Along with his colleague Elin Melby, he has worked closely with Professor Moen and EIDEL for a number of years.
Moen says he will use Inven2’s competence in the project’s further development.
“What I appreciate most about the collaboration with Inven2 is that they have helped to focus my ideas. I had no previous competence in commercialisation, so Inven2 has been an important factor in realising the innovation potential of my group’s research. Elin and Bjarne have challenged me all the way, which has been great. Inven2 is also very good in terms of protecting the rights to the ideas, and has ensured good contracts where all parties benefit from the collaboration,” says Moen.

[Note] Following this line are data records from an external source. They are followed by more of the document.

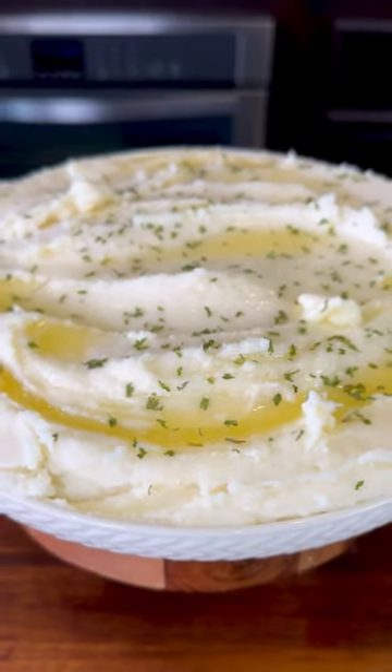Moment of truth. Cheers! And there you have it — delicious, creamy mashed potatoes. Thank you.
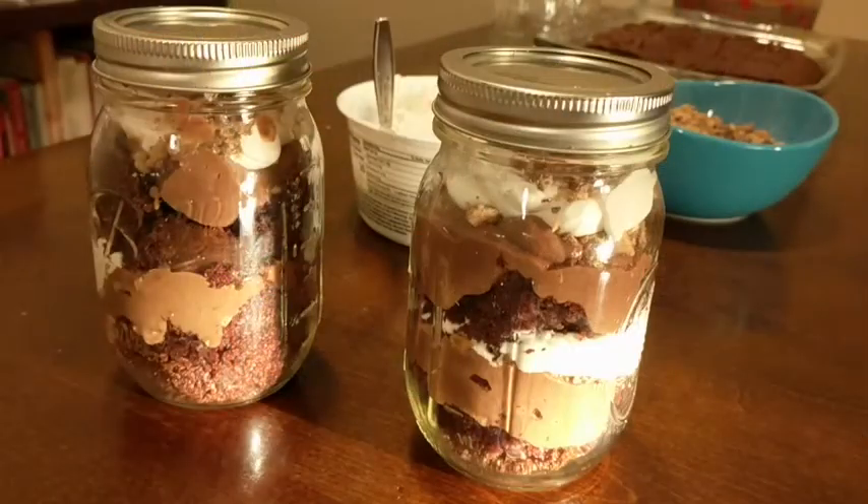And here it is — poop in a jar. It's sure to be a hit at the next party you go to. Don't forget to like and subscribe for more videos like this.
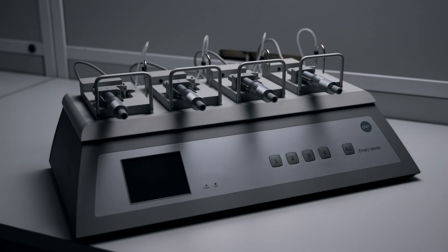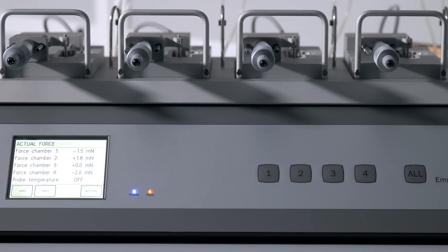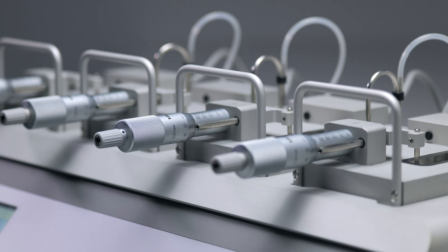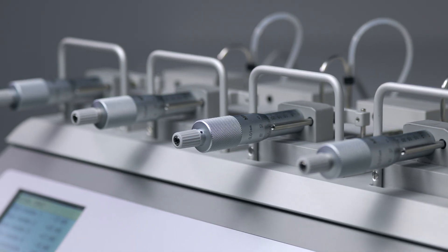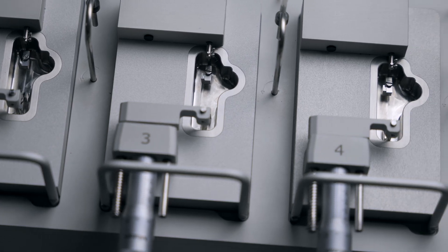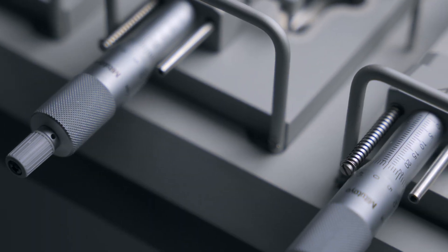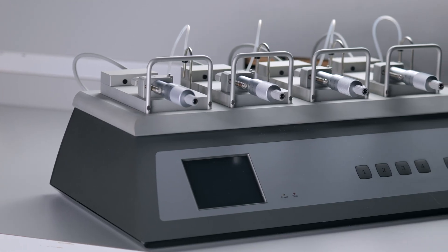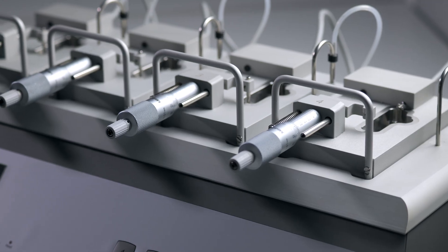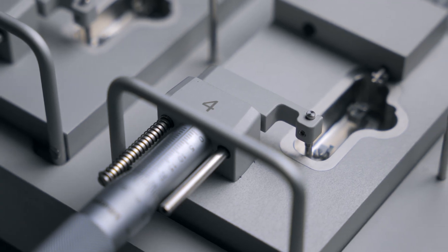The 820MO is a compact, reliable, and consistent organ bath system. It has been redesigned with updated features and capabilities from an existing system. You can easily swap mounts for either rings or muscle strips, or even have them side by side. The micrometer allows for smooth and accurate tissue adjustments. The small footprint is significantly less than your traditional organ bath, and the durability stands up to daily use and provides consistent results between experiments.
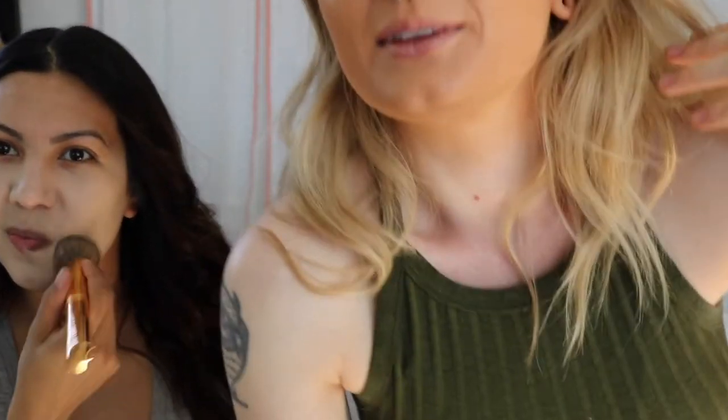Let me get a little bit closer so I can see this — see the full level of this. I just showed you with little swatches, but now I see it all blended out.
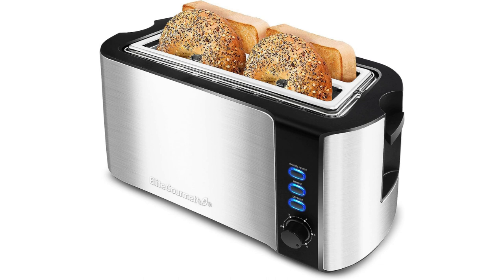The Elite Gourmet ECT3100 Long Slot 4 Slice Toaster is a versatile and stylish toaster that offers several convenient features. It is designed with a sleek stainless steel and black exterior, making it a visually appealing addition to any kitchen.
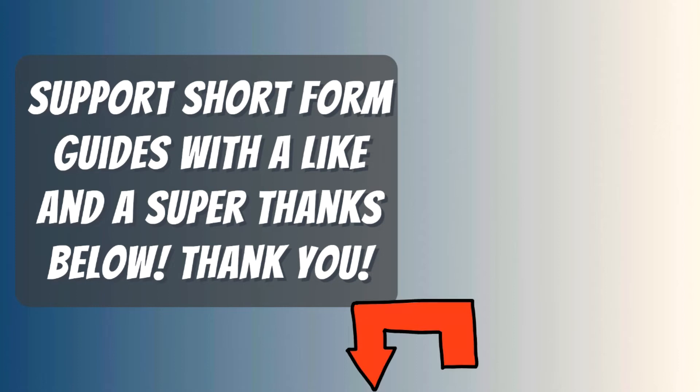If you want to take it one step further so I don't have to sell ugly useless t-shirts like all those other YouTubers, leave me a super thanks. It's a new feature, below where the arrow is pointing, right beside the share button.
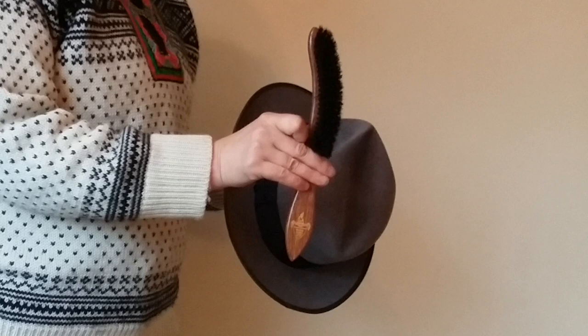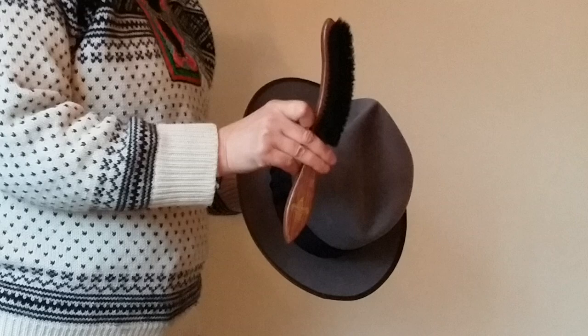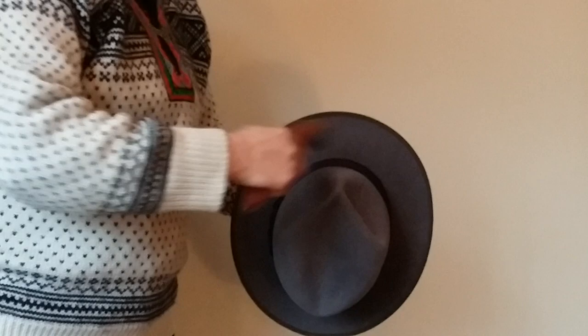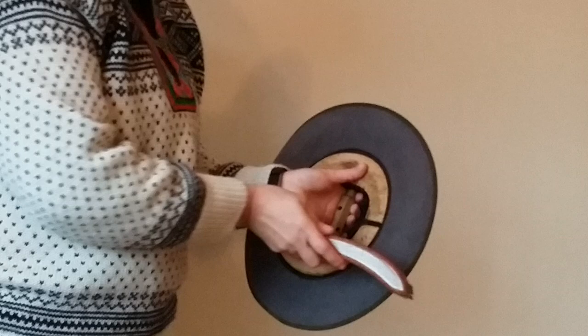Regular brushing is a must. These hat brushes will be available online later in 2019 at www.herbertjohnson.co.uk. Take your hat brush and counterclockwise brush the crown and brim, lifting off any dry dirt, dust and debris. Make sure your hat is dry for this process.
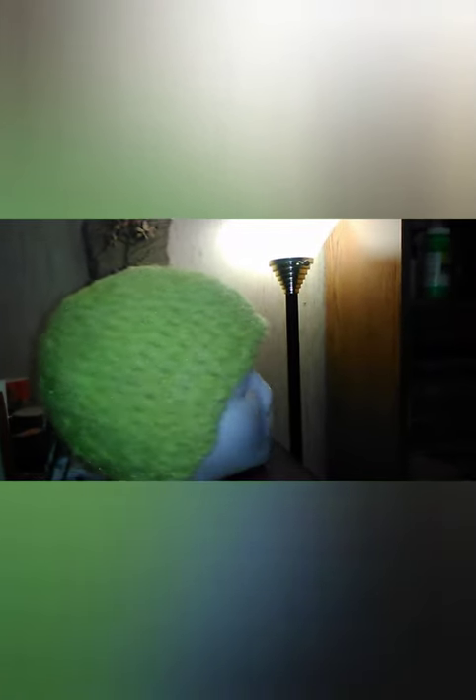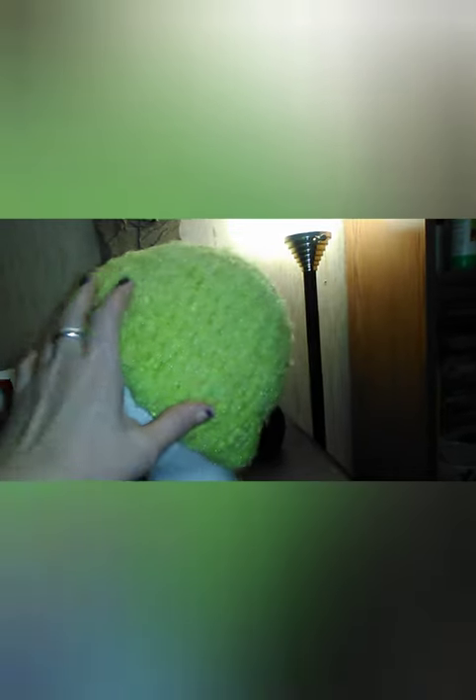I showed you guys that really pretty sparkly yarn that I got from DBNY, the Yarn Girls. I made a hat out of that yarn. Isn't that pretty? It's so sparkly — the camera is showing it accurately. My styrofoam mannequin head is a little too small for my hats because I had to scrunch it up so it would fit on there properly.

Creating jobs and increased competitiveness
Although on a day-to-day basis, Professor Moen and his research group and students are interested in advanced basic research on the causes of turbulence in the ionosphere, the idea of actually using the knowledge is always present.
With Moen, there is no culture for putting projects on the back burner. Here, it is about taking advantage of the downstream opportunities, as he puts it. The downstream opportunities in the short and long term are spin-off companies related to the development of a space weather forecast service, large-scale production of m-NLPs and, not least, customer support. Moen estimates that the production and support of m-NLP in a global market for space weather forecasts can create at least 200 jobs, and he hopes that as many of these as possible will be in Norway.
“I am very conscious of the fact that our work and research is based on funds that stem from the tax payers. This means that we need to give back to society where we can. In the same way, it is also important to me that my students are able to contribute to developing the industry after completing their studies,” says Moen.
Bekkeng, who has taken his master’s and PhD degree in Moen’s group, explains that ESA’s condition for EIDEL receiving the project on certification of m-NLP in 2013 was that he joined forces with EIDEL.
Truls Andersen, managing director of EIDEL, is very satisfied with this. He believes that the collaboration with UiO and Inven2 has given the business he manages a leg up in a global market.
“We achieve an exchange of competence, technology and experience through our collaboration with UiO. This means that EIDEL becomes competitive in a very competitive market when we can present results from basic research and develop them into commercial products together,” says Andersen.
“We would not have had this access to basic research had it not been for such a collaboration. The initiatives we are currently working on will form the basis for further growth in the business. It is also important to us to be able to give back to UiO so that they can continue their research. This is where Inven2 enters the stage and does a great job in balancing these needs, as well as seeing the needs of both parties,” he adds.
So in just a few years from now, when planes are hopefully flying in a straight line from A to B, we can offer a thought to Norwegian innovation spurred by curiosity and a synergistic collaboration between basic research and industry.